Mention in the Budget that the Tax Advisory Committee (TAC) was looking at "the presence of implicit tax benefits in the so-called 'voyager card' system" has raised minimal concern among tax experts and those involved in developing frequent flyer programmes.

According to a spokesman from the TAC, this matter has been on the agenda for over a year.

Last week First National Bank announced it had launched an incentive programme with Sun Air - AIRewards.

The programme competes with SAA's frequent flyer programme, Voyager, which is currently believed to have about 450 000 members, 350 000 of whom are locally-based.

Frequent flyer programmes enable those who spend a certain amount on credit cards from a few banks; hire cars from particular rental companies; stay at certain hotels; or fly on selected airlines, to build up "miles". Once a set number of miles has been attained, the programme member qualifies for benefits which, at tops, can be free tickets to fly overseas.

Peter Langschmidt, project leader for AIRewards, says there are no tax implications to the programme at present but he recognises that tax might be imposed at some time in the future. However, if frequent flyer programme benefits became taxable, he doubts whether it would dampen enthusiasm for the products.

"These rewards don't cost the members a cent. Even if they have to pay R200 in tax, they are still receiving benefits worth several thousand rand. I believe just as many people would be attracted to the programme, even if it did become taxable," Langschmidt says.

Ernest Mazansky, tax partner at Kessel Feinstein, suggests SA Revenue Services is facing far more pressing issues than taxing frequent flyer programmes.

Such a tax would be quite administratively burdensome and it was doubtful whether it could yield enough to justify the work involved in policing it.
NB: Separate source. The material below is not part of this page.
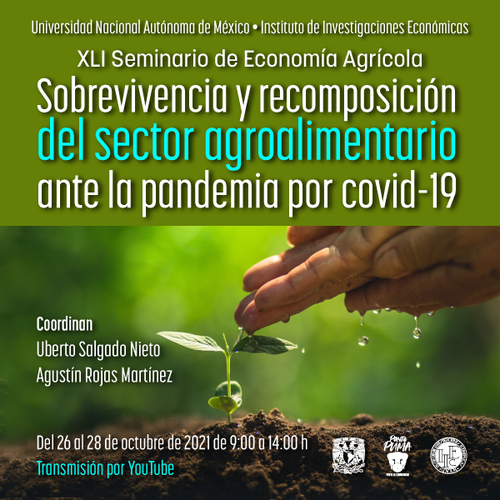 Seminario de Economía Agrícola IIEc UNAM 2021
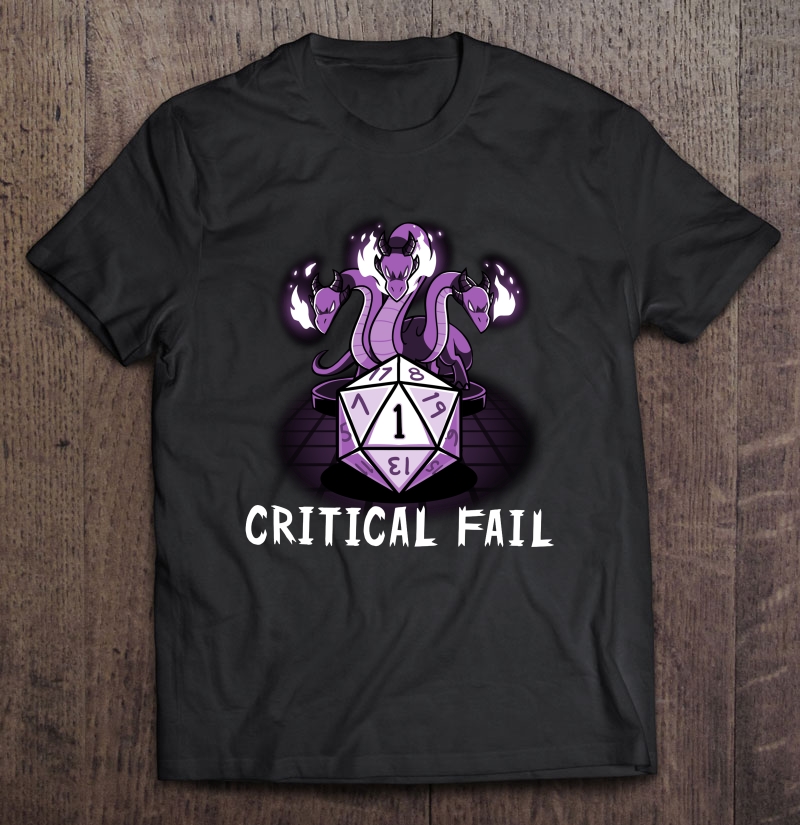 Critical Fail DnD Dice Shirt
Another tax expert said there are numerous problems in taxing frequent flyer programmes, including the difficulty in placing a taxable value on the benefit.

The free tickets or holidays may cost the participating airlines nothing because they are taken outside peak times, while some companies who take over the air miles accumulated by their employees sometimes donate the resulting free tickets to sporting teams.

Attempts in other countries to tax frequent flyer programme benefits have apparently not met with unqualified success.

According to the May/June issue of InsideFlyer International, a magazine devoted to frequent flyer programmes, the US and UK governments do impose a tax on these benefits but the onus is on travellers to declare their free flights. On the whole, travellers do not declare these flights and the government tends to look the other way.

Sweden has just introduced a tax on frequent flyer programmes, also putting the onus on travellers to declare free flights, or, if the traveller's employer paid for the tickets, travellers must inform their companies that they are using the points for free flights and the companies must inform the tax authorities, although the tax still falls on the employee.

In Australia, a Federal Court last year over-ruled the tax authorities' attempt to tax a member of a frequent flyer programme.

The court ruled that the frequent flyer points in this case were not taxable benefits because they were won as a result of entitlement under the Qantas Frequent Flyer Programme, not as a result of the member's employment.